First, we calculated background concentrations of each of the three gases for each month by using GOSAT-2 column-averaged concentrations data. The global distributions of the calculated background concentrations reflected characteristics of sources and sinks of each gas. Then, we compared our background concentrations based on column-averaged concentrations with the ground-based background concentrations from the Japan Meteorological Agency (JMA), and found that the seasonal variations of our background concentrations lagged by one or two months behind those of the JMA’s background data. We also found differences in concentrations between the two background data, which may be attributable to their differences in vertical profiles and seasonal variations.

Next, we calculated enhanced concentrations for each gas (ΔXCO₂, ΔXCH₄, and ΔXCO) from GOSAT-2 XCO₂, XCH₄ and XCO data. The global distributions of the calculated enhanced concentrations showed seasonal and regional characteristics reflecting their sources. We finally defined ER for each 5-degrees grid as a gradient of the linear regression fit between the enhanced concentrations of two gases. We found significant positive correlations between ΔXCH₄ and ΔXCO₂ (ΔXCH₄/ΔXCO₂) and between ΔXCH₄ and ΔXCO (ΔXCH₄/ΔXCO) and therefore could define their ER values globally. In contrast, there was less significant correlation between ΔXCO and ΔXCO₂ and the ER values for ΔXCO/ΔXCO₂ could not be defined globally.

We also calculated ΔXCH₄/ΔXCO₂ and ΔXCH₄/ΔXCO for several characteristic regions.
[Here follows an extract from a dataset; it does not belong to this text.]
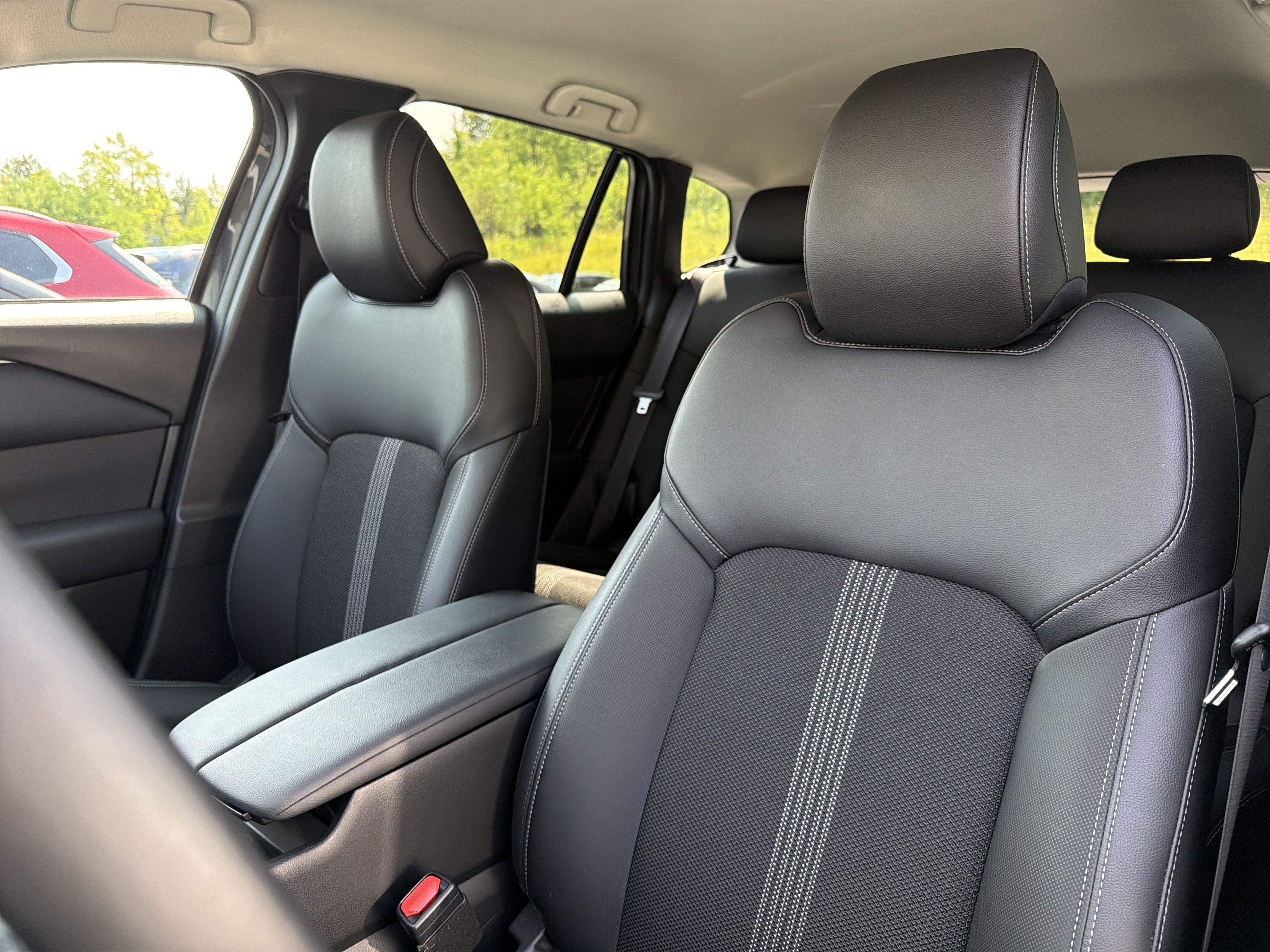 2025 Mazda Mazda CX-50 Hybrid Preferred Package AWD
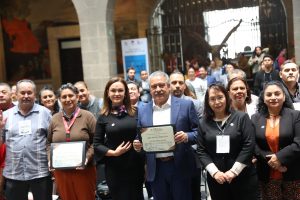 Propone Morón acciones legislativas para garantizar derechos de migrantes mexicanos<br>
In the regions where biomass burning occurs frequently, the correlation between ΔXCH₄ and ΔXCO₂ got stronger during the active burning season than the other seasons. The calculated ER values of ΔXCH₄/ΔXCO₂ in active wildfire regions were 4.93, 3.20, 2.27, 2.16 and 1.69 ppb/ppm for savanna around Port Harcourt, temperate forest around Sydney, tropical forest around Amazon, boreal forest around Alaska, and Siberia, respectively. Our calculated ER value was almost consistent with the result by Parker et al. [2016] for savanna burning, although they were not consistent for tropical forest burning. In Mumbai and Tehran, ΔXCH₄/ΔXCO showed a sharp increase at the end of their rainy season.

Our results suggested that calculated ER values would depend on the definition of background concentrations for each gas and the setting of the analysis area. We have also evaluated ER values based on several different sets of background concentrations.